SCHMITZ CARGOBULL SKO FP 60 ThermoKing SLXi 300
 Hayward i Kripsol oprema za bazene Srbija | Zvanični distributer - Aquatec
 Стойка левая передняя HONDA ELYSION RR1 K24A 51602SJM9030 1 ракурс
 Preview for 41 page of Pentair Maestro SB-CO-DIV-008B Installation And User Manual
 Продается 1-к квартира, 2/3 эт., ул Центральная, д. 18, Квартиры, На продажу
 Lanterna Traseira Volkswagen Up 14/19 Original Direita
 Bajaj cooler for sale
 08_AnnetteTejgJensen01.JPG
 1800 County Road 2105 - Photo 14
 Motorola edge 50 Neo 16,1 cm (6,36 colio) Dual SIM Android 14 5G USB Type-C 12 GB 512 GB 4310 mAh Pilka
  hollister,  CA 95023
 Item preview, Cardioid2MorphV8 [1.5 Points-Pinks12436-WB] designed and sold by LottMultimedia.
==================================================
◆ The problem: All of the entries above need to be reproduced exactly.

◆ Exercise solution:
SCHMITZ CARGOBULL SKO FP 60 ThermoKing SLXi 300
 Hayward i Kripsol oprema za bazene Srbija | Zvanični distributer - Aquatec
 Стойка левая передняя HONDA ELYSION RR1 K24A 51602SJM9030 1 ракурс
 Preview for 41 page of Pentair Maestro SB-CO-DIV-008B Installation And User Manual
 Продается 1-к квартира, 2/3 эт., ул Центральная, д. 18, Квартиры, На продажу
 Lanterna Traseira Volkswagen Up 14/19 Original Direita
 Bajaj cooler for sale
 08_AnnetteTejgJensen01.JPG
 1800 County Road 2105 - Photo 14
 Motorola edge 50 Neo 16,1 cm (6,36 colio) Dual SIM Android 14 5G USB Type-C 12 GB 512 GB 4310 mAh Pilka
  hollister,  CA 95023
 Item preview, Cardioid2MorphV8 [1.5 Points-Pinks12436-WB] designed and sold by LottMultimedia.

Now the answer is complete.